Kıbrıs Türk Barolar Birliği Başkanı Hasan Esendağlı, İsias davasının iddianamesine ilişkin sosyal medya hesabı üzerinden bir açıklama yaptı.
Barolar Birliği Başkanı Esendağlı, “Dün basında geniş şekilde yer aldığı gibi Isias Davası’nda Savcılık İddianamesi dosyalandı ve tüm faillere “bilinçli taksirle birden fazla insanın ölümüne neden olma” suçlaması yöneltildi. Bu gelişme ilk nazarda, ailelerimizin ve bizlerin bu dosyadaki asli kusurlu faillerin Türk Ceza Kanunu’nda “olası kast” olarak ifade edilen suçtan mahkum edilmeleri yönündeki beklentimizi elbette ki karşılamadı” dedi.
“Sürpriz değil…”
Esendağlı, “Buna karşın bugün ailelerimizle yaptığımız toplantıda onlara da ifade ettiğim gibi, geçtiğimiz çarşamba günü Türkiye Barolar Birliği Başkanı Erinç Sağkan ile birlikte yaptığımız Adıyaman temasları sonrasındaki değerlendirmeler ışığında bu gelişmenin bir sürpriz olmadığını belirtmeliyim” ifadelerini kullandı.
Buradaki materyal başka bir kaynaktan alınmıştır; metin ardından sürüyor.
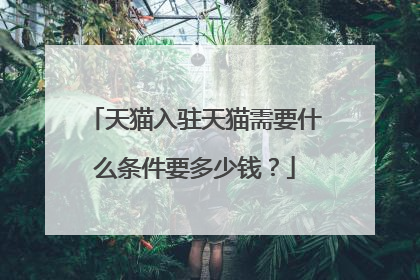 天猫入驻天猫需要什么条件要多少钱?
“Hayal kırıklığı veya moral bozukluğu yaşama lüksümüz yok”
“İddianamenin “bilinçli taksir” üzerinden dosyalanacağı TBB ve Türkiye’deki avukat ekibimiz tarafından beklenen ve öngörülen bir husustu” diyen Esendağlı, açıklamasına şöyle devam etti:
“Yine onlardan aldığımız bilgi doğrultusunda, iddianamede yer alan hukuki niteleme, davayı görecek olan mahkemeyi bağlamamaktadır. Dolayısı ile davada ispatlanan olguların suçun “olası kast” olduğunu ortaya koyması halinde, failler bu suçtan mahkum edilip, ona göre ceza alabileceklerdir.
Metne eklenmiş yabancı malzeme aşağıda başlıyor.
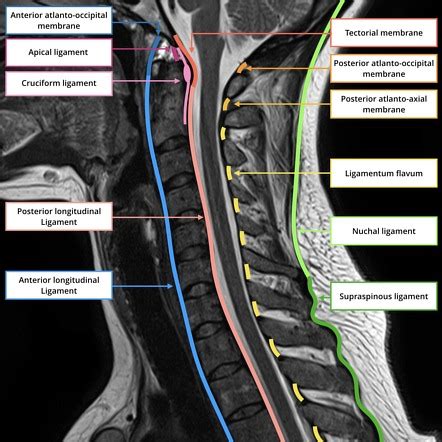 Cervical Vertebrae Anatomy Ligaments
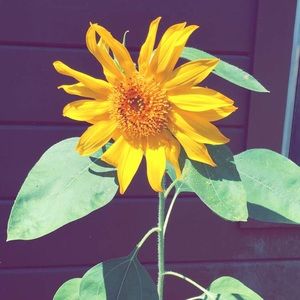 Meet your Posher, Lennet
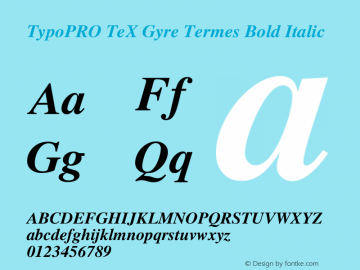 TypoPRO TeX Gyre Termes Bold Italic Version 2.004;PS 2.004;hotconv 1.0.49;makeotf.lib2.0.14853 Font Sample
Türkiye’deki meslektaşlarımızın ve görüş aldığımız uzmanların, bu davadaki olgular üzerinden vardıkları sonuç, bu davadaki sanıkların fiillerinin “olası kast” kapsamına girdiği noktasındadır. Dolayısı ile çok yakında başlayacak olan duruşma sürecinde bu hususu teyit eden, delil, şahadet ve hukuki görüşlerin mahkemeye sunulması için ciddi bir ön hazırlık içerisindeyiz.
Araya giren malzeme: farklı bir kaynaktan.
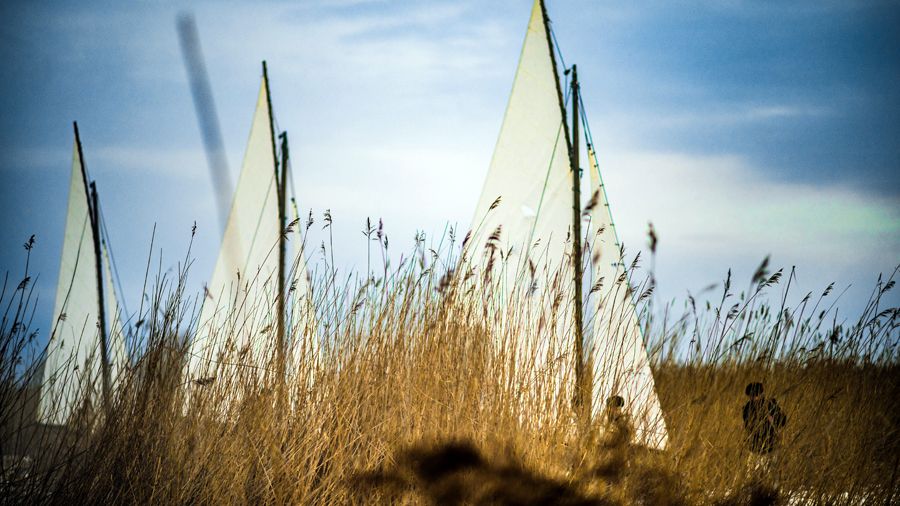 «Ангелы Ладоги»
Daha önce de ifade ettiğim gibi, adalet açısından zor bir coğrafyada, çok zor bir yargısal mücadele yürütmekteyiz. Ancak, hayal kırıklığı veya moral bozukluğu yaşama lüksümüz yoktur. Kaybettiğimiz canlara olan borcumuz, sürecin sonuna kadar tüm gücümüzle bu mücadeleye devam etmektir.”